Pour Stefen Kan Mit, un des responsables de Stella Maris, les raisons qui ont poussé Sao à quitter la Birmanie ne sont pas difficiles à comprendre. Lui aussi est Birman, lui aussi a quitté son pays dans l’espoir de trouver une vie meilleure en Thaïlande, mais il ne peut, pour le moment, entrer en contact avec la jeune fille. “Sao est encore en état de choc et a peur de tous les hommes explique-t-il et il faudra plusieurs semaines avant qu’elle accepte de parler de ce qui lui est arrivé.
Les chances de retrouver l’homme qui a enlevé Sao sont minces. Le directeur du personnel de la conserverie a bien relevé le numéro d’immatriculation du véhicule de l’homme en question. Il est près à témoigner devant la police, s’il le faut. Mais Sao et son oncle ne veulent pas entendre parler d’une action auprès de la police ou de la justice, ayant trop peur d’être expulsés ou de créer des problèmes à leurs proches qui sont à Phuket, immigrés clandestins comme eux.
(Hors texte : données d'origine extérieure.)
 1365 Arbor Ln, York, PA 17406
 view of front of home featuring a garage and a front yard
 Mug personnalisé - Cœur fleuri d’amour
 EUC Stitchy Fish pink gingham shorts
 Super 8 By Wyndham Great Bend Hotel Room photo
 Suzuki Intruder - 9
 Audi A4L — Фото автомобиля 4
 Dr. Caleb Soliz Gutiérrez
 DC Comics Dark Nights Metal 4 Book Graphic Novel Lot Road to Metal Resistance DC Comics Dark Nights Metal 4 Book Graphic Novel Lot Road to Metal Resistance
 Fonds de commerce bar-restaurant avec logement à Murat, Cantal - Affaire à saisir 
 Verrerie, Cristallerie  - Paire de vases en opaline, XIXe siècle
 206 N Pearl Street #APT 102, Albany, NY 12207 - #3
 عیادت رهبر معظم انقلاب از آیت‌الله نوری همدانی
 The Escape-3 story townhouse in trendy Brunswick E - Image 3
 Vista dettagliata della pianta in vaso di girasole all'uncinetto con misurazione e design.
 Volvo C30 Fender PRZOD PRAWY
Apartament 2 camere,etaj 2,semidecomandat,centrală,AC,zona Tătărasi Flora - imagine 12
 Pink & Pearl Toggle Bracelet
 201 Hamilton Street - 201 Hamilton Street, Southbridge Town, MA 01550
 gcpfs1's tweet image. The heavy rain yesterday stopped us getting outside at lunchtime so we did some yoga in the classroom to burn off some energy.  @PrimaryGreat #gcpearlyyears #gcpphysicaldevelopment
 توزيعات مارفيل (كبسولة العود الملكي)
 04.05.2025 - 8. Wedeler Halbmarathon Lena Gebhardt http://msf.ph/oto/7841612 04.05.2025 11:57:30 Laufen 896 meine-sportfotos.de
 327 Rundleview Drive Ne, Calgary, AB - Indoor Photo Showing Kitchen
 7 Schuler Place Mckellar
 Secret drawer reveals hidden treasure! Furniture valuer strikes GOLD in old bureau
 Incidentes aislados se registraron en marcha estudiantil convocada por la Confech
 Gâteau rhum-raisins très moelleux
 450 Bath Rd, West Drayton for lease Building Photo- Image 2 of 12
Pour Tan Pruengsa, ce qui est arrivé à Sao n’est pas un cas isolé. Au centre Stella Maris, elle aide une fillette de 13 ans, venue elle aussi de Birmanie, qui a été violée par son employeur thaïlandais. Elle soutient également une Cambodgienne, violée par plusieurs hommes. Placé sous la supervision de la Commission épiscopale pour les gens de la mer, le centre de Songkhla a été créé pour le service des marins et des migrants. “Nous soutenons et visitons onze communautés de Cambodgiens et de Birmans explique Tan Pruengsa, qui estime le nombre des immigrés dans la seule localité de Songkhla à près de 10 000. Le personnel du centre visite systématiquement les chantiers de construction, où se concentrent les migrants. “Nous les aidons individuellement ou en groupe pour des raisons humanitaires, et essayons aussi de former des leaders ouvriers et des responsables de communauté explique encore la responsable. Elle souligne que le centre travaille à l’amélioration de la condition féminine, à la santé et à l’hygiène, ainsi qu’à la formation pour les ouvriers de l’industrie de la pêche. Une partie des membres du centre conseille et soutient les malades du sida.